##### The data #####

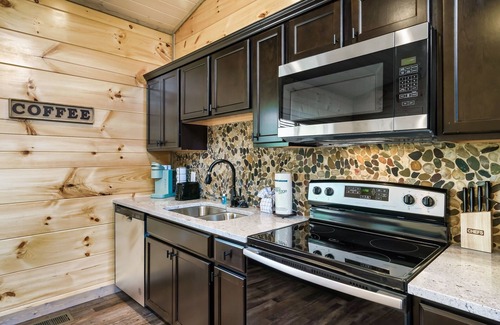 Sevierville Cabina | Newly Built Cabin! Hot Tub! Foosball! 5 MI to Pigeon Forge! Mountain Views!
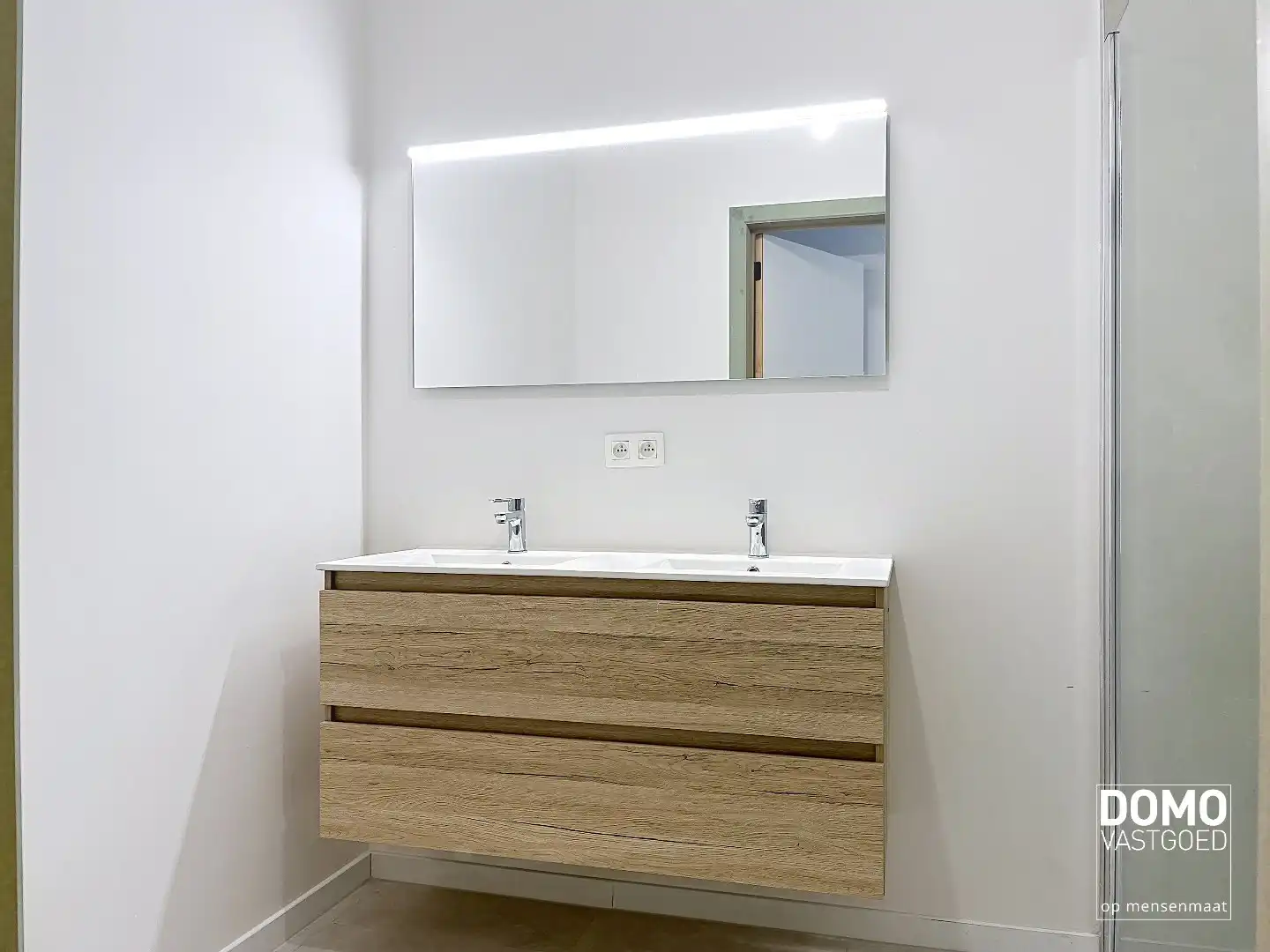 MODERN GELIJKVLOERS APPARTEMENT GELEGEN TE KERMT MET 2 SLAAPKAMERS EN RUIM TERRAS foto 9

#####
##### The data #####

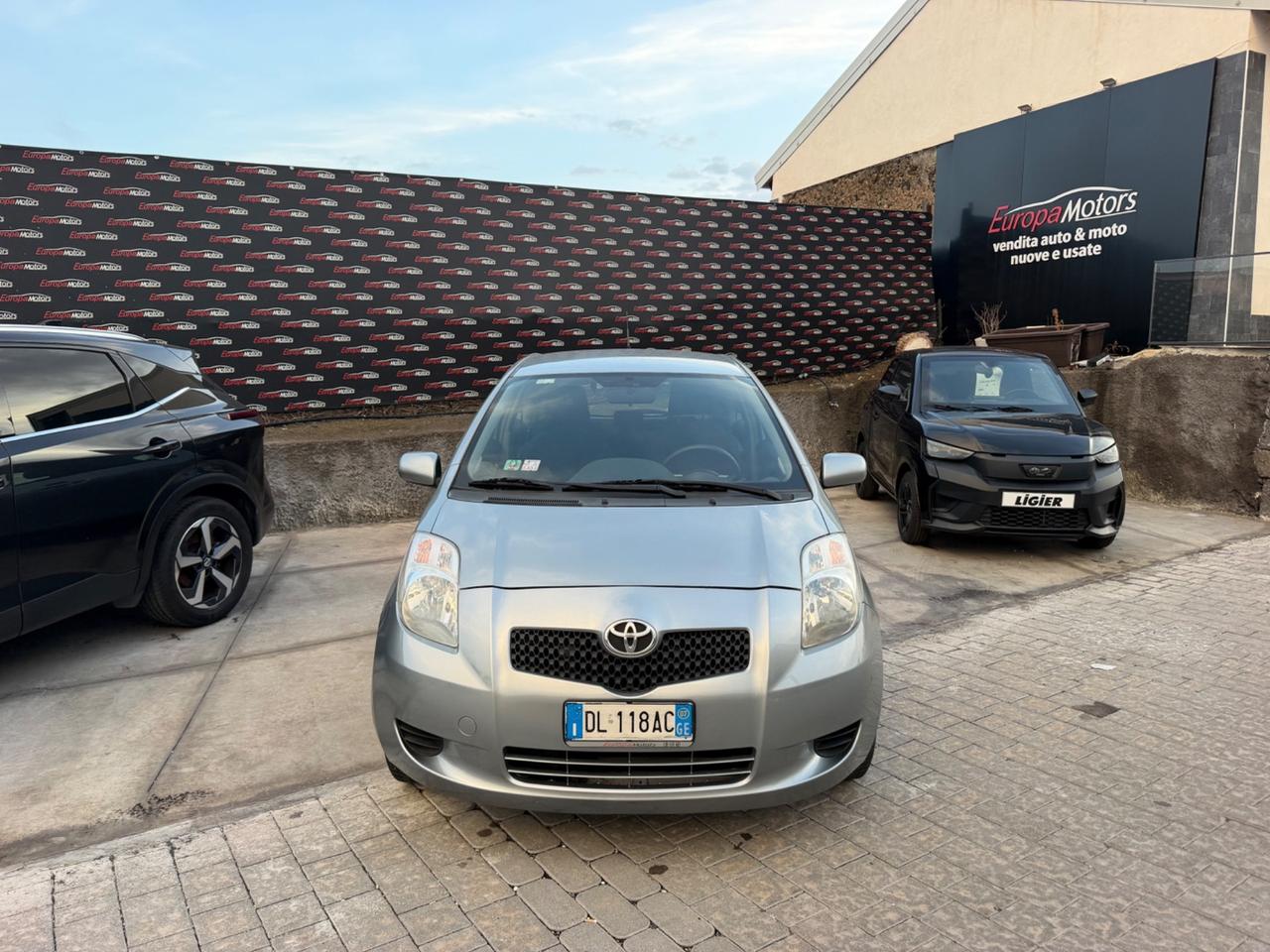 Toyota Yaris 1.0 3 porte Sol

#####

> [Task description] Go down the entries above from the line containing "Sevierville Cabina |" to the line containing "MODERN GELIJKVLOERS APPARTEMENT" and write out each line exactly, leaving pictures out.

> [Response to the exercise]
 Sevierville Cabina | Newly Built Cabin! Hot Tub! Foosball! 5 MI to Pigeon Forge! Mountain Views!
 MODERN GELIJKVLOERS APPARTEMENT GELEGEN TE KERMT MET 2 SLAAPKAMERS EN RUIM TERRAS foto 9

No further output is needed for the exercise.